Castle Howard is located on the site of another ruined castle, known as Henderskelfe Castle. It was inherited by the Howard family in 1566. Construction of the castle was originally started in 1699, however, it took a lifespan of three different Howard Earls and various architects to complete. The 3rd Earl of Carlisle commissioned the services of Vanbrugh, a member of the Kit-Cat Club, to design the plans for Castle Howard. Vanbrugh was assisted by Nicholas Hawksmoor, and his designs reflected a Baroque style, with two wings on each side of the structure.
Construction was started at the east end, with the East Wing being completed between 1701 and 1703. Other finished areas included the east end of the garden entrance, the Central Block which included the dome, and the west end of the garden front entrance. The finishing touches included an exuberant amount of baroque qualities, such as cherubs, urns, coronets, and Roman Doric pilasters. Much of the dome interior was painted by Giovanni Antonio Pellegrini.
Before the West Wing was completed the Earl decided to focus on the gardens and surrounding grounds. At this stage, construction had cost the 3rd Earl of Carlisle almost 30% of his entire income. The rooms of Castle Howard were completed in different stages over the years and the overall completion did not occur until 1811. By the time of the 7th Earl of Carlisle the estate covered 13,000 acres and included the villages of Coneysthrope, Terrington, Bulmer, Slingsby, and Welburn.
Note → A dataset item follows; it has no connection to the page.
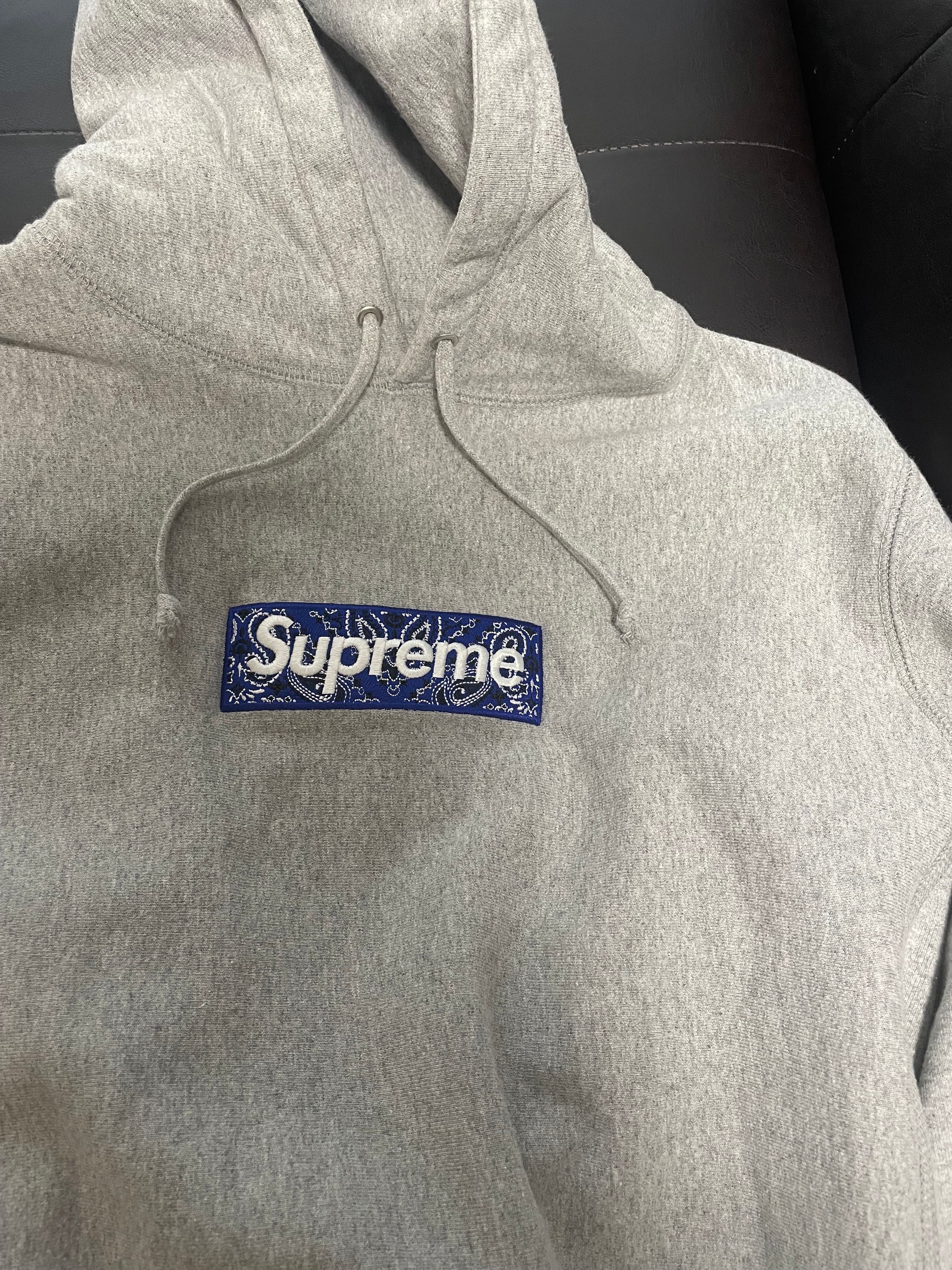 Supreme Bandana Box Logo Hooded Sweatshirt "Grey"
On November 9, 1940 a large portion of the house was destroyed by fire. The central hall, dome, dining room, and the state rooms on the east side of the house were destroyed. A total of 20 priceless paintings were ruined, including paintings that depicted the Fall of Phaeton by Antonio Pellegrini. During the 1960s the dome was rebuilt, as well as a recreation of Pellegrini’s paintings.
The Howards have continuously taken up residency at Castle Howard since the 3rd Earl made it his home in the early 1700s. After the death of the 9th Earl in 1911, Castle Howard was inherited by his younger son Geoffrey, with later earls having Naworth Castle as their northern country house. In 1952, the house was opened to the public by then owner, George Howard, Baron Howard of Henderskelfe.
In Film & TV
Castle Howard gained iconic status as the setting of Brideshead Revisited. Other cinema credits include: Death Comes to Pemberley (2013), The Buccaneers (1995), and Barry Lyndon (1975).